Managing Big Data Technologies in a Hybrid Cloud

By Judith Hurwitz, Marcia Kaufman, Fern Halper, Daniel Kirsch

The term big data is used often in the world of hybrid cloud technology because of the ongoing need to process increasing amounts of data. The key fact about big data is that it exists at the tipping point of the workarounds that organizations have historically put in place to manage large volumes of complex data. Big data technologies allow people to actually analyze and utilize this data effectively.

Big data characteristics

Big data generally has three characteristics — volume, variety, and velocity:

  • Volume: Big data is big in volume. It generally refers to at least multiple terabytes of data. Many big data implementations are looking to analyze petabytes of information.

    Name Value
    Byte 100
    Gigabyte 109 bytes
    Terabyte 1012 bytes
    Petabyte 1015 bytes
    Exabyte 1018 bytes
  • Variety: Big data comes in different shapes and sizes. It includes these types of data:

    • Structured data is the typical kind of data that analysts are used to dealing with. It includes revenue and number of sales — the type of data you think about including in a database. Structured data is also being produced in new ways in products such as sensors and RFID tags.

    • Semistructured data has some structure to it but not in the way you think about tables in a database. It includes EDI formats and XML.

    • Unstructured data includes text, image, and audio, including any document, e-mail message, tweet, or blog internal to a company or on the Internet. Unstructured data accounts for about 80 percent of all data.

  • Velocity: This is the speed at which the data moves. Think about sensors capturing data every millisecond or data streams output from medical equipment. Big data often comes at you in a stream, so it has a real-time nature associated with it.

The cloud is an ideal place for big data because of its scalable storage, compute power, and elastic resources. The cloud model is large-scale; distributed computing and a number of frameworks and technologies have emerged to support this model, including

  • Apache Hadoop: An open source distributed computing platform written in Java. It is a software library that enables distributed processing across clusters of computers. It’s really a distributed file system. It creates a computer pool, each with a Hadoop file system. Hadoop was designed to deal with large amounts of complex data. The data can be structured, unstructured, or semistructured. Hadoop can run across a lot of servers that don’t share memory or disk. See Hadoop for more information.

  • MapReduce: A software framework introduced by Google to support distributed computing on large sets of data. It’s at the heart of what Hadoop is doing with big data and big data analytics. It’s designed to take advantage of cloud resources. This computing is done across numerous computers, called clusters, and each cluster is referred to as a node. MapReduce can deal with both structured and unstructured data. Users specify a map function that processes a key/value pair to generate a set of intermediate pairs and a reduction function that merges these pairs.

Big data databases

One important appeal of Hadoop is that it can handle different types of data.

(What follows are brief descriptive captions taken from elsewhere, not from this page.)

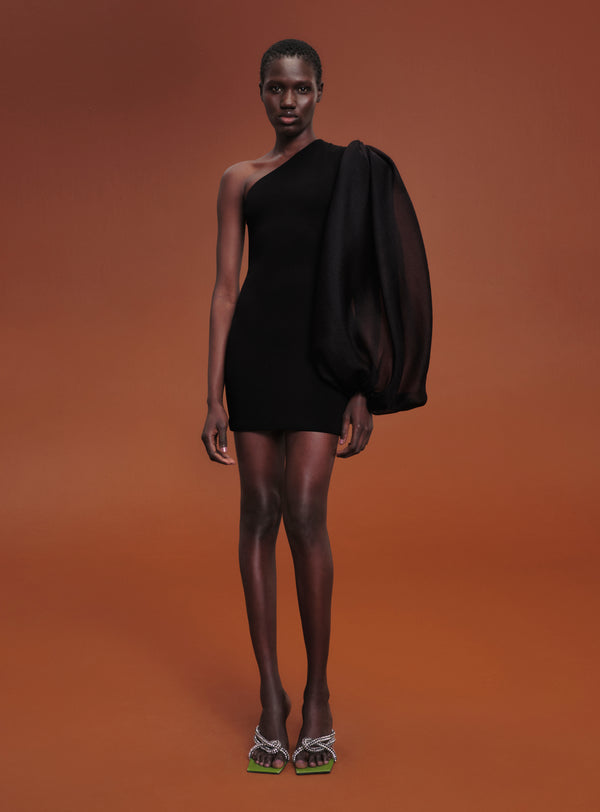 solace london The Iona Mini Dress in Black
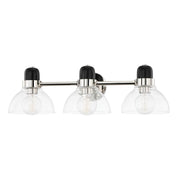 Cami Three Light Vanity in Polished Nickel
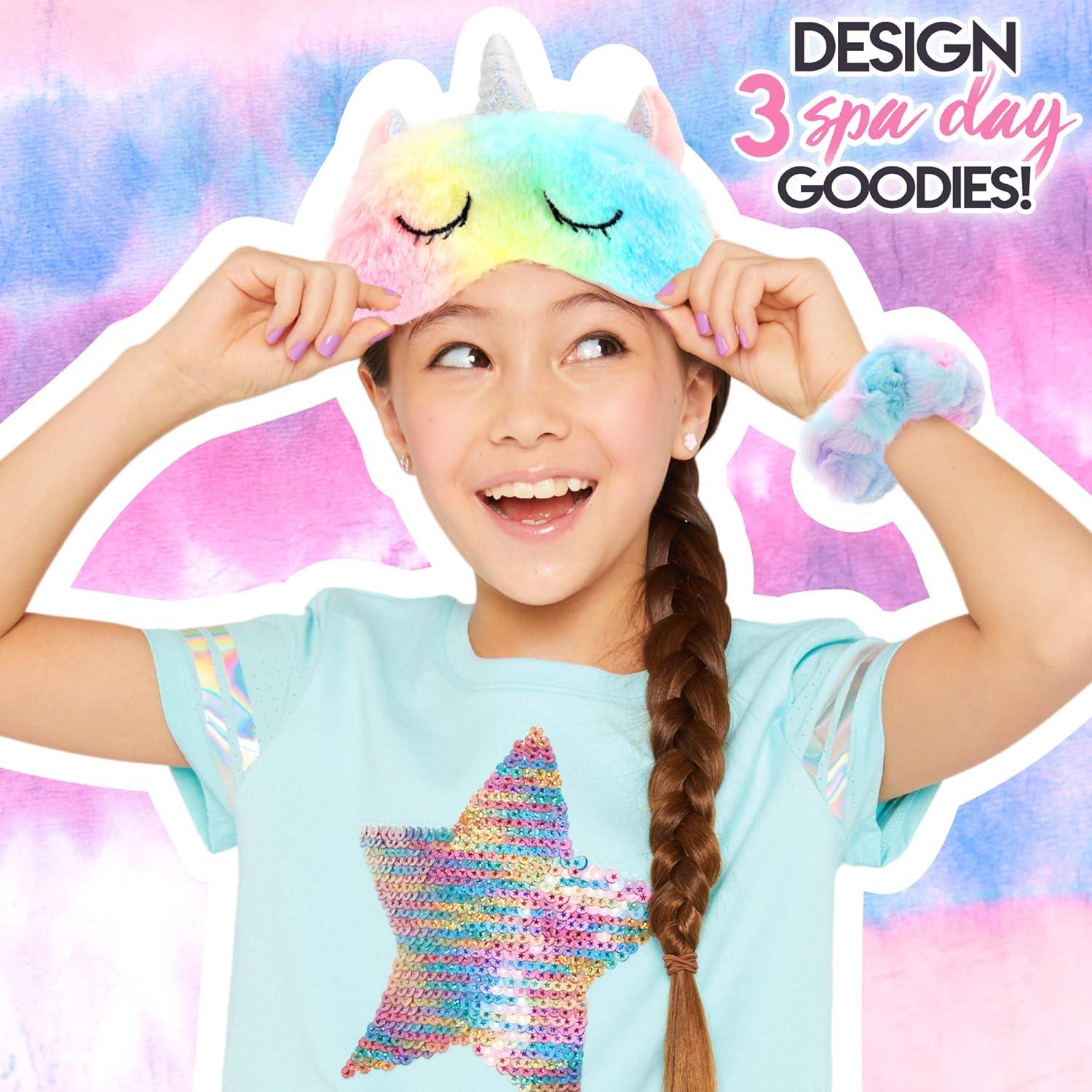 image:imageJust My Style Fuzzy Spa TieDye Set by Horizon Group USA Create 3 Soft TieDye Spa Day Essentials with Vibrant Brush Marker Colors MessFree DIY Kit for KidsFuzzy Spa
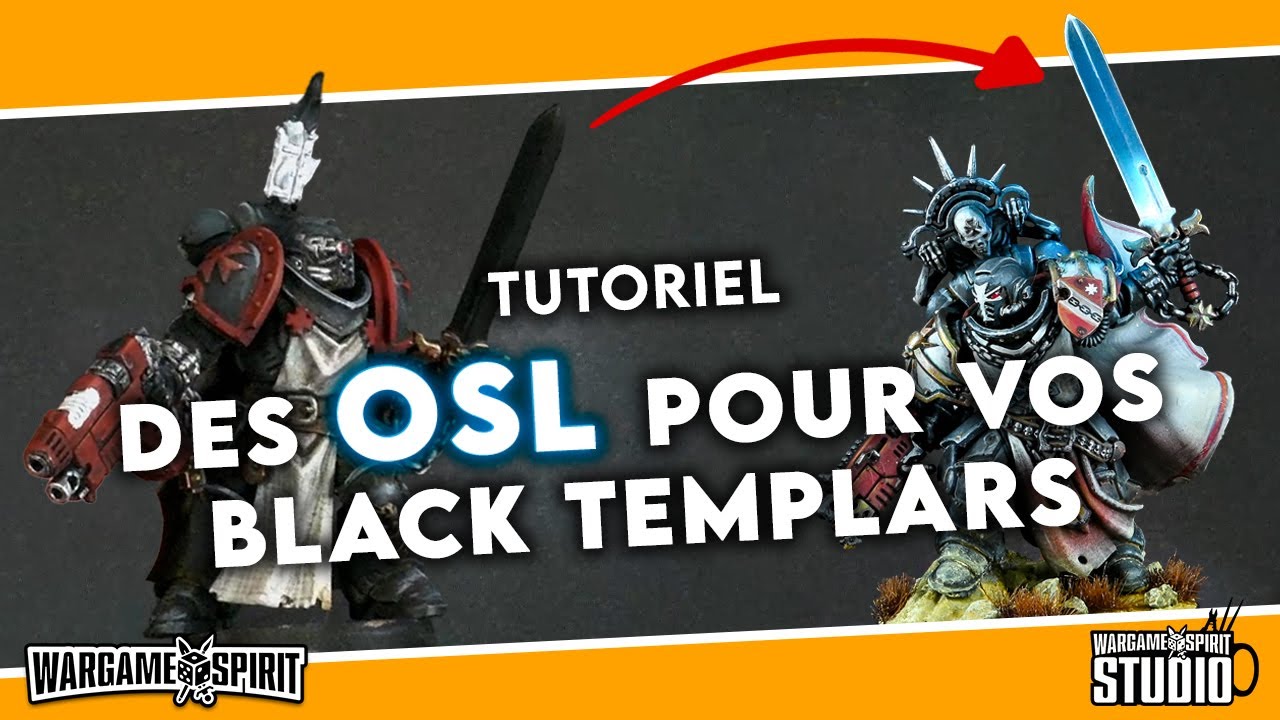 Wargame Spirit Studio - Des OSL pour les Black Templars d'@Alphacast_fr !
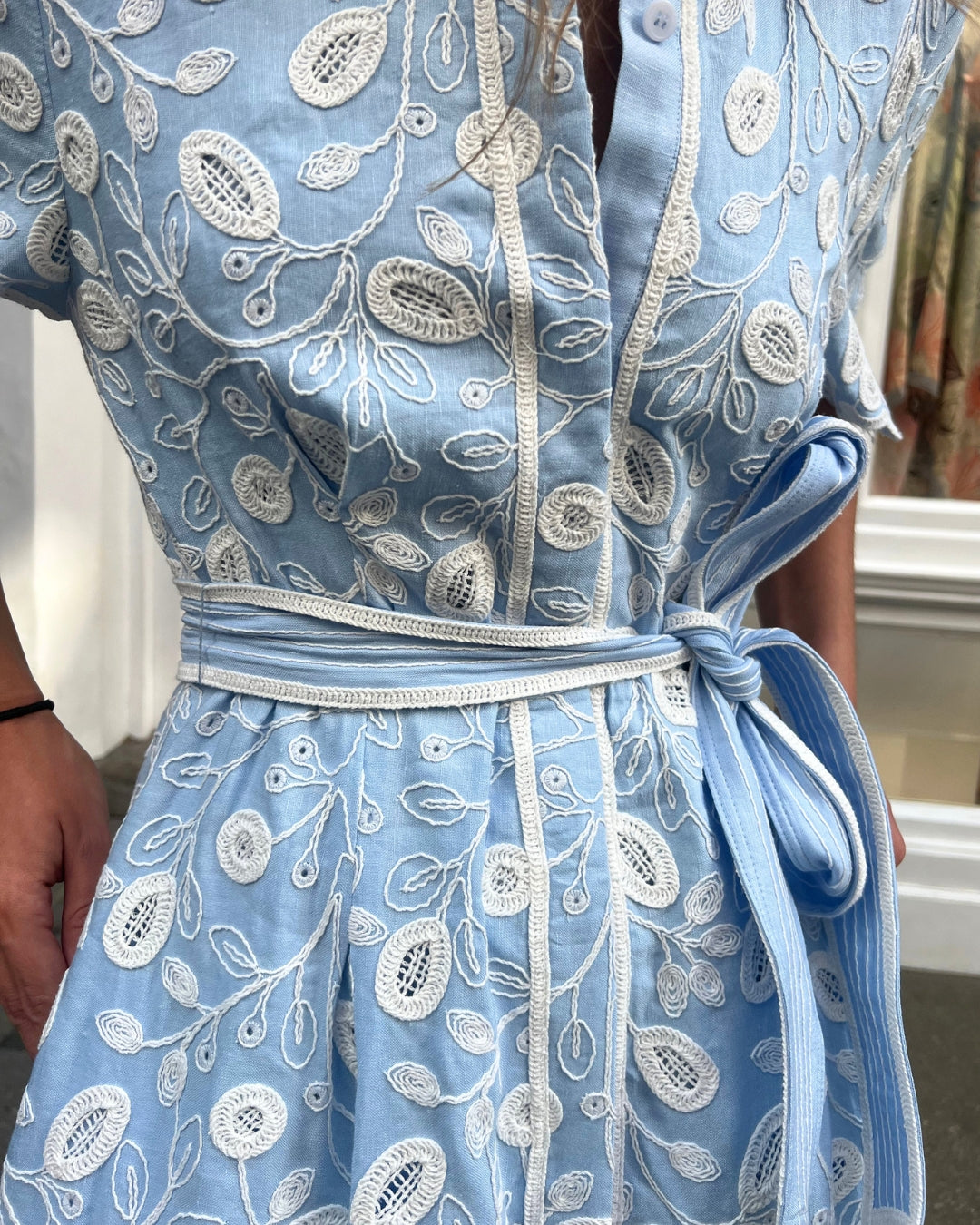 ROBE AUDRIA BLEU - TIDEPOOL MULTI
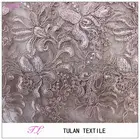 2017 hot sell foral embroidery lace fabric elegant wedding dress fabric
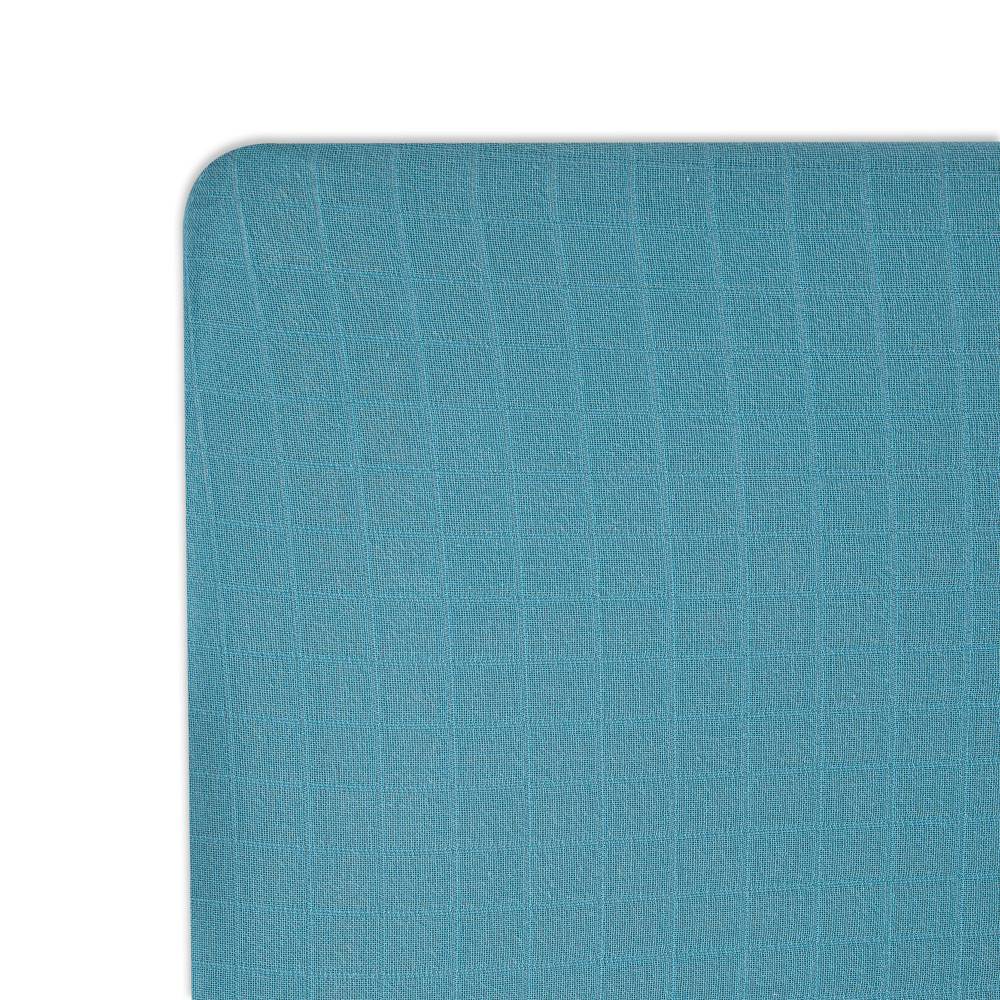 Crane Baby Cot Fitted Sheet | Solids - Riverstone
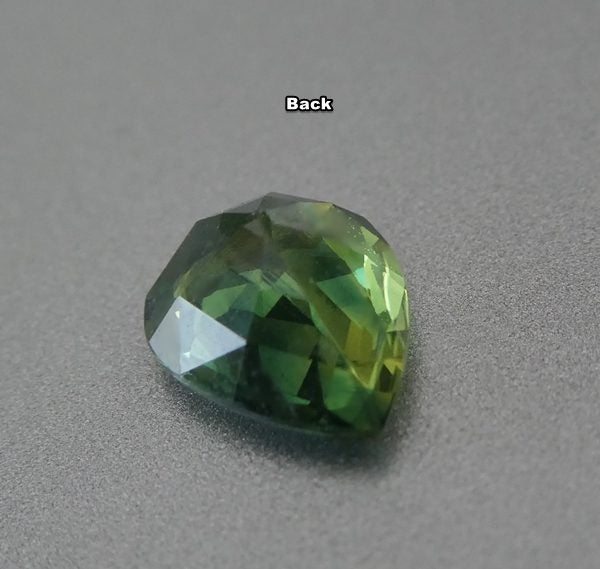 1.20CT SPLENDID GLOWING PEAR CUT 100% NATURAL BLUE GREEN SAPPHIRE Carousel 3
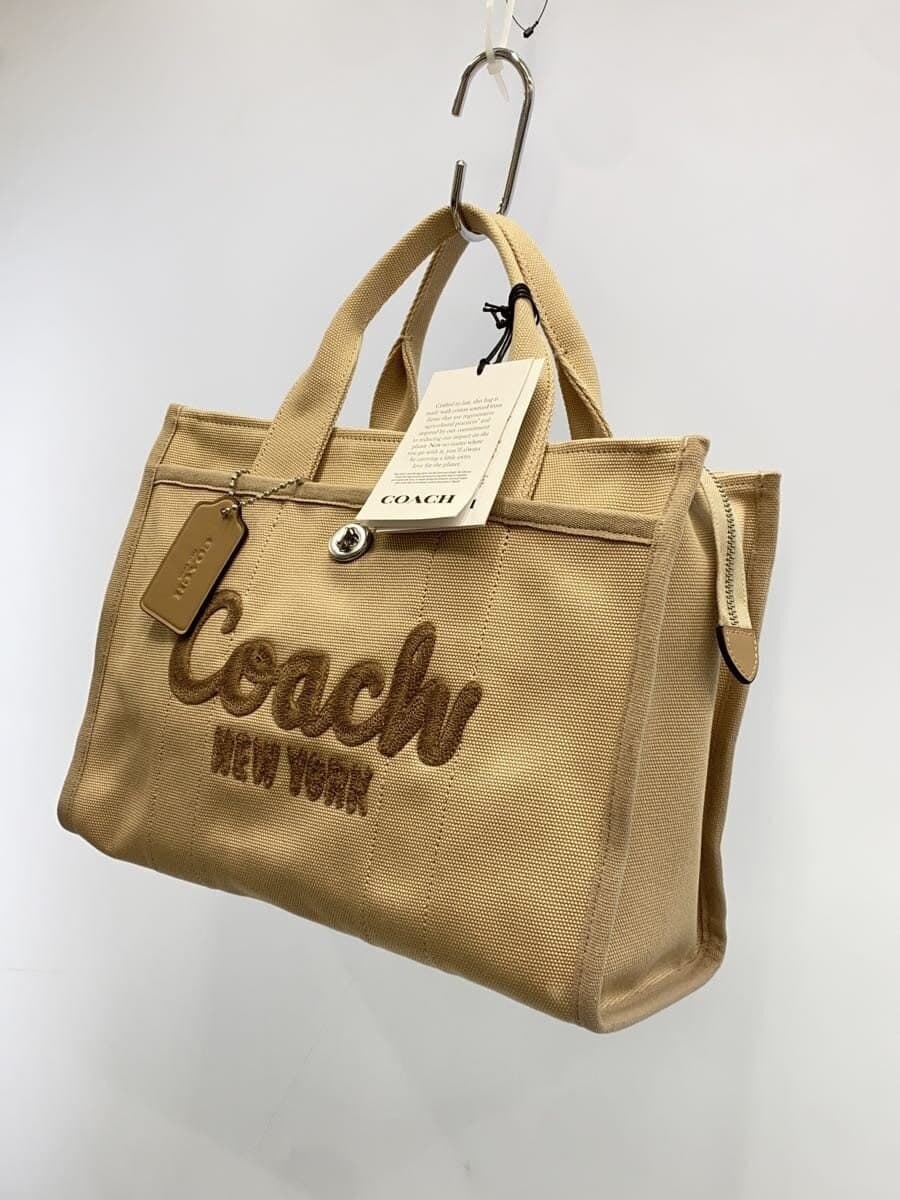 COACH Cargo Tote Canvas BEG CP158 2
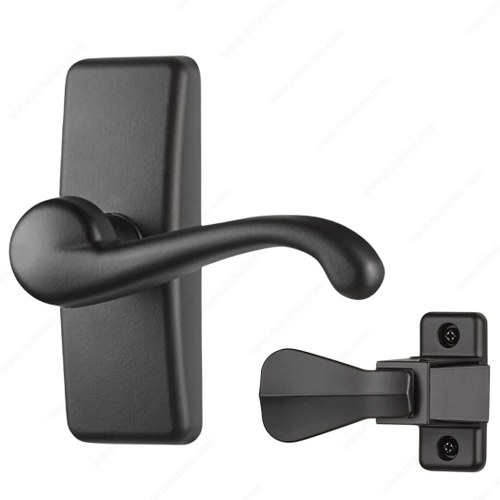 Richelieu SKGLWV2MB GL Lever Set with Locking Latch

Parallel database management systems have been on the market for decades. They can support parallel execution because most of the tables are partitioned over the nodes in a cluster, and they can translate SQL commands into a plan that is divided across the nodes in the cluster. However, they mostly deal with structured data because it’s hard to fit unstructured, freeform data into the columns and rows in a relational model.

Hadoop has started a movement in what has been called NoSQL, meaning not only SQL. The term refers to a set of technologies that is different from relational database systems. One major difference is that they don’t use SQL. They are also designed for distributed data stores.

NoSQL doesn’t mean that people should not be using SQL. Rather, the idea is that, depending on what your problem is, relational databases and NoSQL databases can coexist in an organization. There are numerous examples of these kinds of databases, including the following:

  • Apache Cassandra: An open source distributed data management system originally developed by Facebook. It has no stringent structure requirements, so it can handle all different types of data. Experts claim it excels at high-volume, real-time transaction processing. Other open source databases include MongoDB, Apache CouchDB, and Apache HBase.

  • Amazon Simple DB: Amazon likens this database to a spreadsheet in that it has columns and rows with attributes and items stored in each. Unlike a spreadsheet, however, each cell can have multiple values, and each item can have its own set of associated attributes. Amazon then automatically indexes the data. Recently, Amazon announced Amazon Dynamo DB as a way to bring big data NoSQL to the cloud.

  • Google BigTable: This hybrid is sort of like one big table. Because tables can be large, they’re split at the row boundaries into tables, which might be hundreds of megabytes or so. MapReduce is often used for generating and modifying data stored in BigTable.